Eu podia matar o frade. Eu podia devolver à vida o amado de Florinda. Eu podia até apagar a Florinda das folhas desse romance. Mas nem assim tu terias paz. Porque a trama continuaria viva na tua cabeça. Por resolver. Por descodificar.
O ciúme. Sempre o ciúme a tomar conta das relações e a subvertê-las. O "arquétipo do drama do ciúme e do ciumento e ao mesmo tempo do ciúme como tragédia" como diz Eduardo Lourenço. Florinda ama quem a ama mas não ama aquele que a vai ferir por amor. Ou por ciúme. Neste caso o amor realiza-se, possibilita-se, através da morte, não de Florinda mas do rival. Mas é um amor unilateral em que pode até realizar-se o estado catártico que justifica o acto do ciúme e provoca o reencontro do indivíduo, mas não aquieta quem mata nem traz a paz de Sara. Porque essa só será alcançada quando Florinda, o frade e a tragédia se diluírem nas páginas não do romance mas das outras que Sara constrói cuidadosamente, lentamente, mas de forma segura e reflectida.

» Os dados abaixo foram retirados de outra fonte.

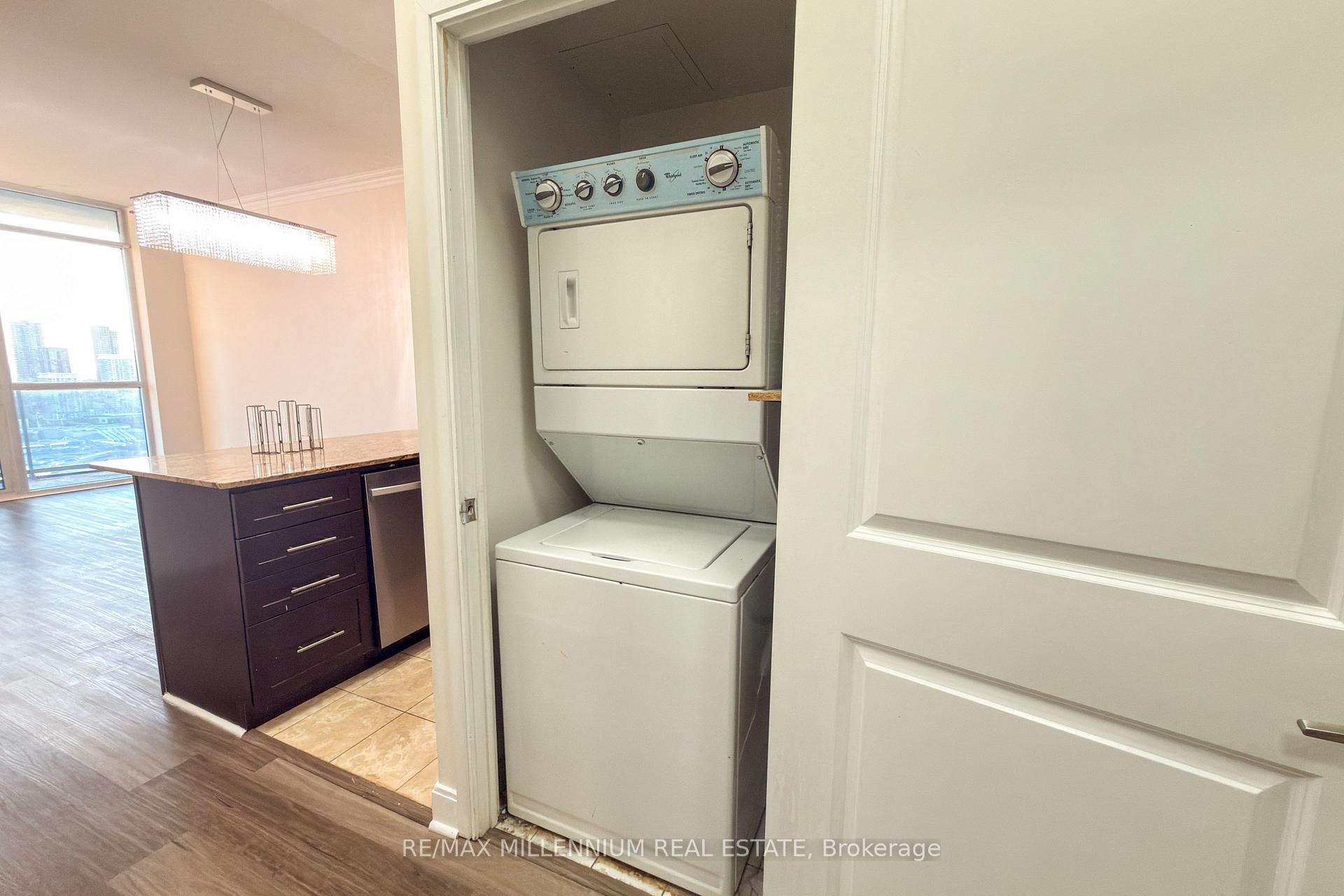 Photo 14 of Unit LPH06, 80 Absolute Avenue, Mississauga, City Centre — HOMEH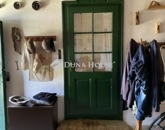 Eladó családi ház Szekszárd 30 900 000 Ft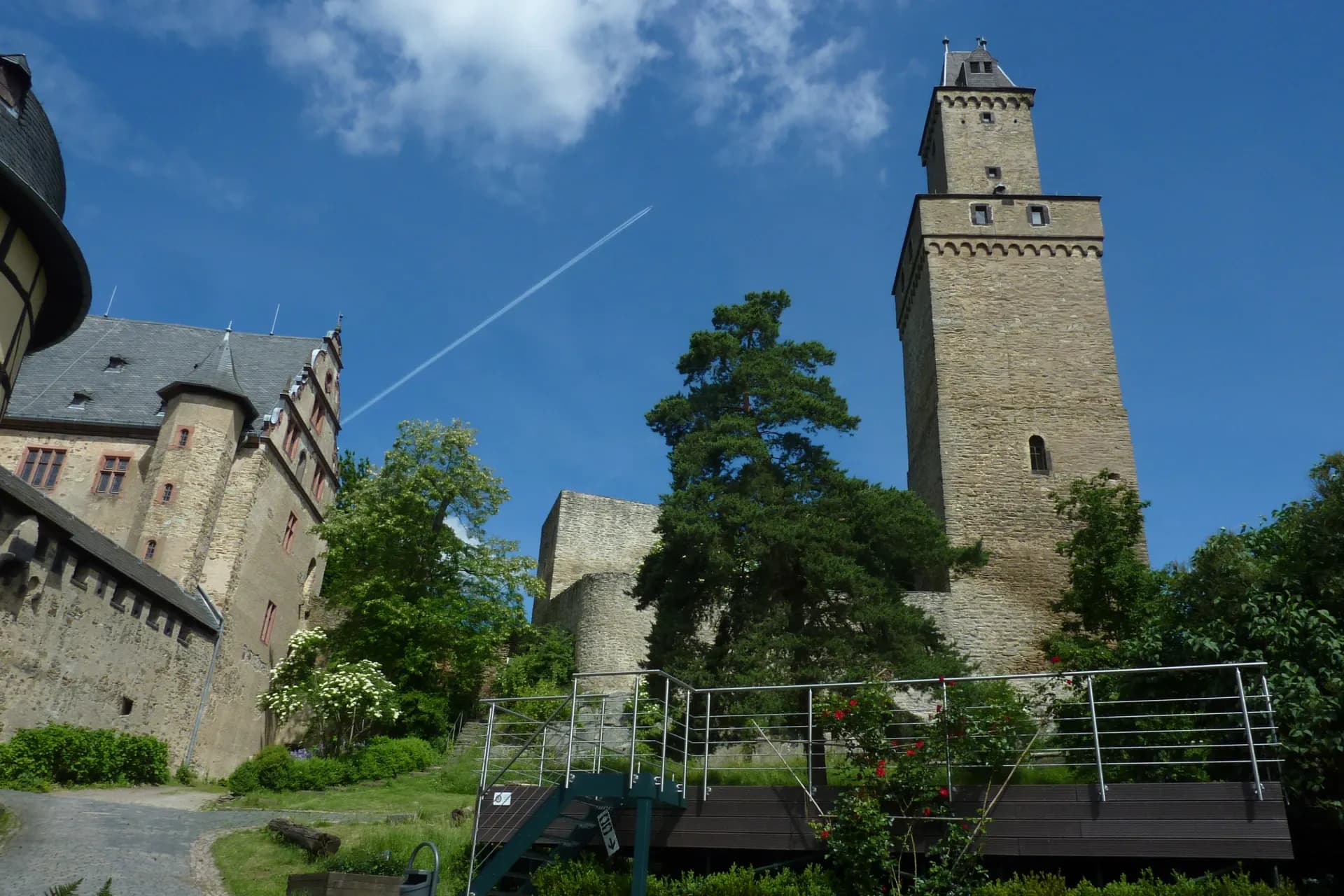 Innenhof der Burg Kronberg mit Freiturm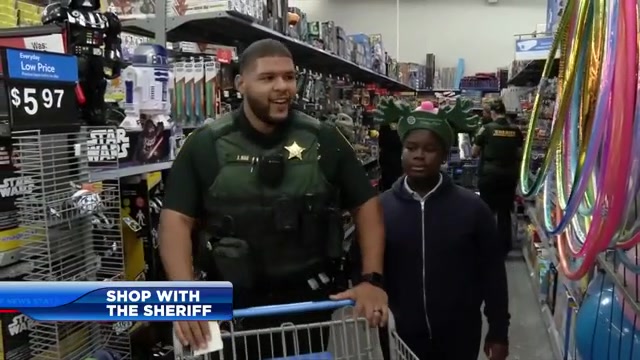 200 students go holiday shopping with Sheriff Tony, BSO volunteers at Walmart in Fort Lauderdale – WSVN 7News | Miami News, Weather, Sports | Fort Lauderdale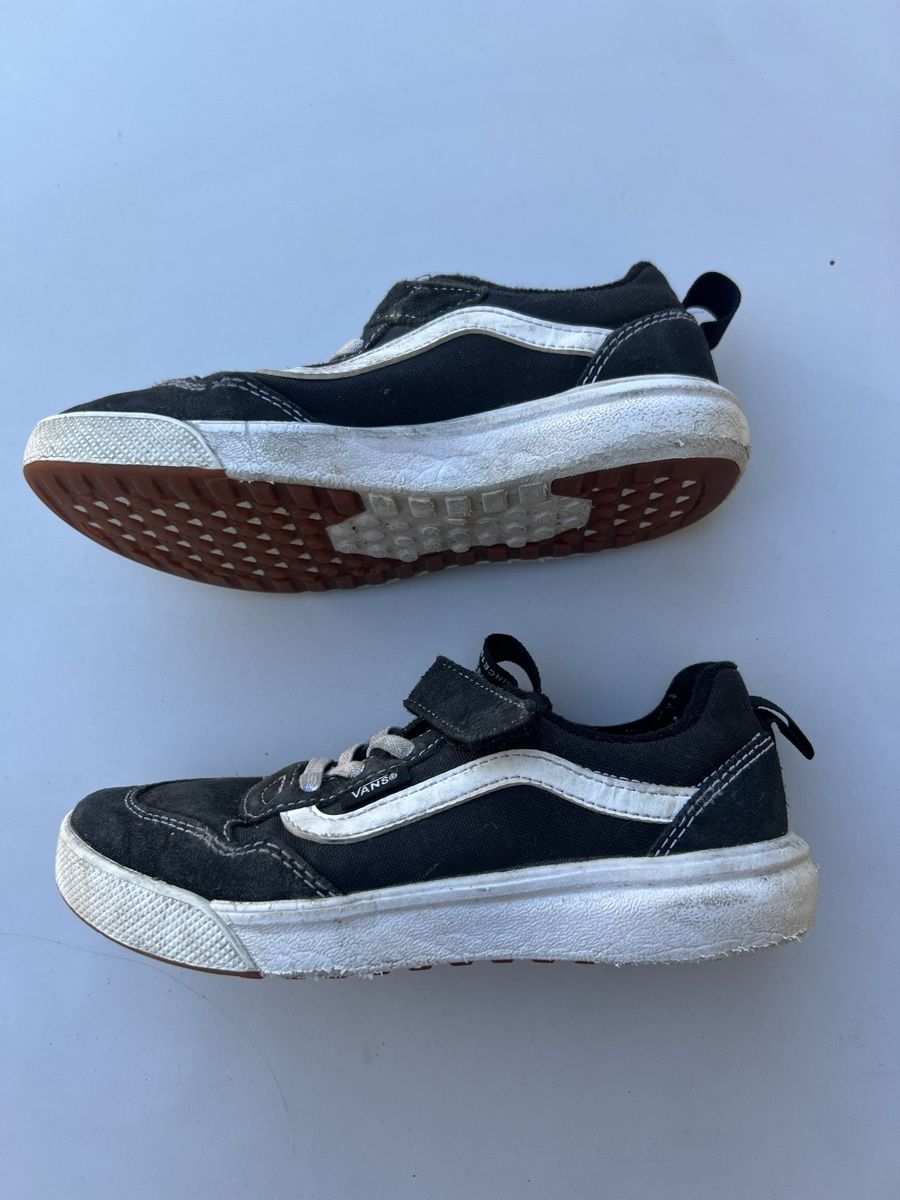 Vans Chaussures garçon: Vans Sneaker Gr. 33 – D'occasion à Heiligkreuz (Mels) par fodo 1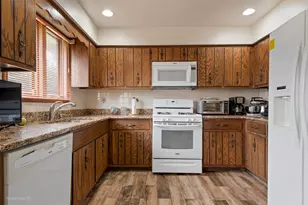 1922 E 173rd Pl, South Holland, IL 60473 - Photo 9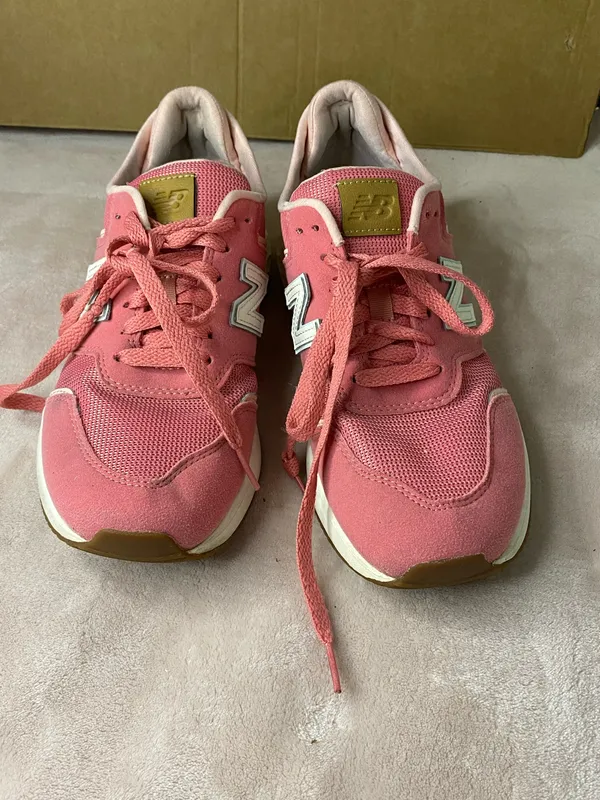 New Balance Fresh Foam Sneakersk Womens size 8 - Image 2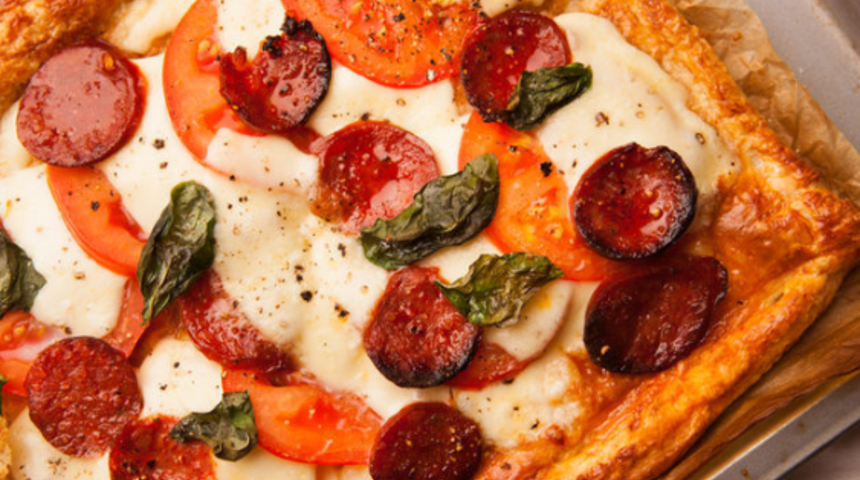 Çat kapı gelen misafirler için hazırlayabileceğiniz milföylü tarifler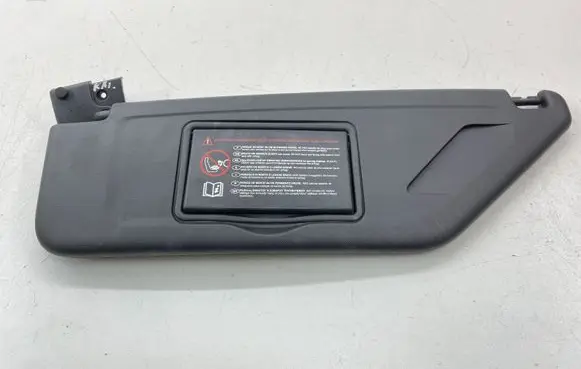 Citroen DS4 Sun visor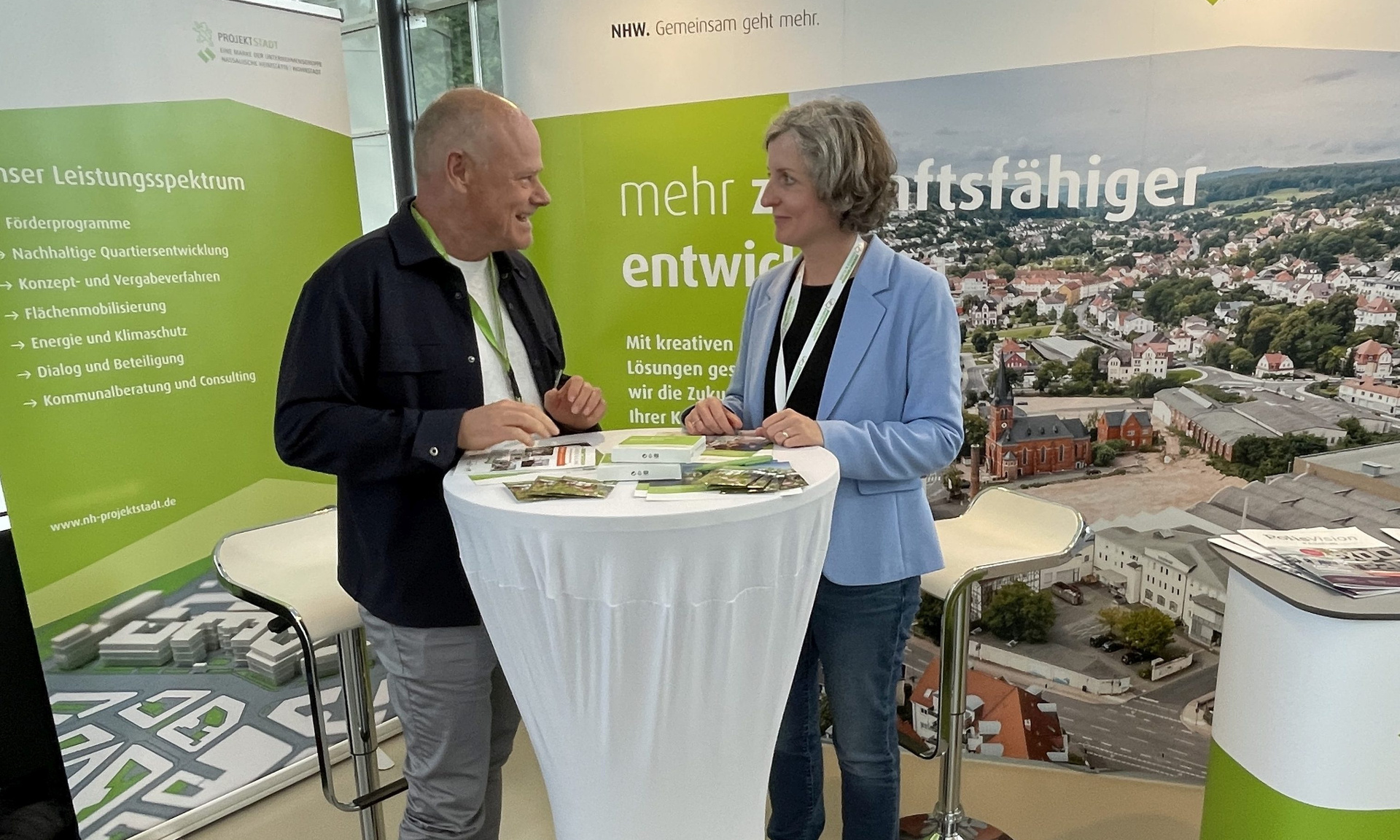 Ulrich Türk, Leiter der Stadtentwicklung Nord bei der ProjektStadt, im Gespräch mit Kassels Stadtklimarätin Simone Fedderke.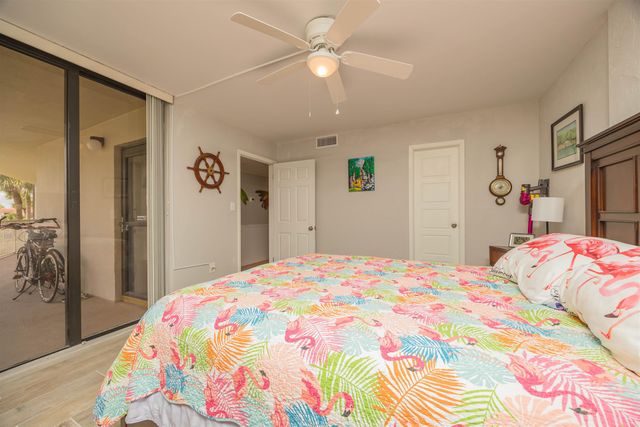 1 Dondanville Rd 116C, St Augustine, FL 32080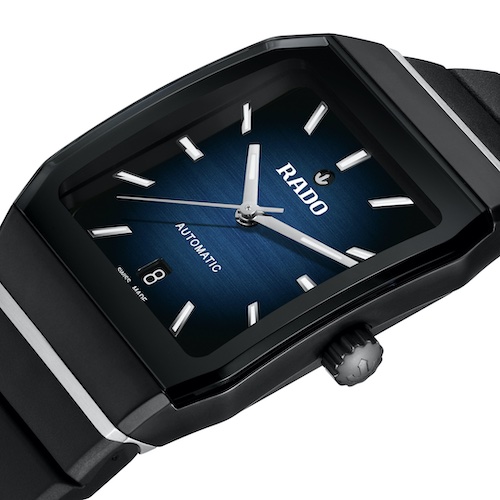 Rado Anatom R10202209 Blau Die bunten Zifferblätter haben einen Farbverlauf von der farbigen Mitte zum schwarzen Äußeren.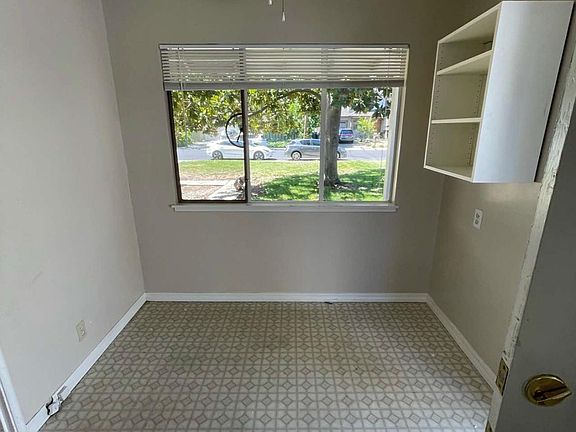 Kitchen nook- floors were updated
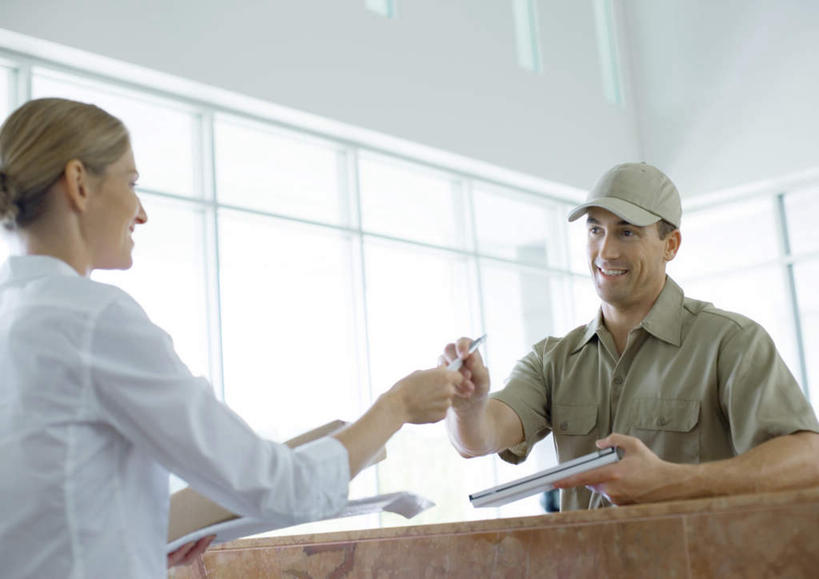 西方人,两个人,笑,微笑,横图,室外,白天,正面,工作服,制服,太阳,窗户,落地窗,帽子,欧洲,欧洲人,握,阴影,光线,笔,影子,拿,拿着,运动帽,玻璃窗,相视,阳光,快递员,面对面,鸭舌帽,握着,对视,单据,相对,快递,速递,相看,工作制服,男人,男性,年轻男性,年轻女性,女人,女性,白种人,半身,彩图,工作套服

E se o frade interrompesse a sua narração, tu inventarias uma qualquer continuidade, talvez Florinda se acolhesse no seu amor ou, pelo contrário, se tomasse de amores por quem não ama. E então, quem matou sofreria o ciúme de quem personificou a justificação dessa "tragédia suspensa" à espera da tua interpretação como acto extremo. Mas apenas inverterias o processo que te tira a paz.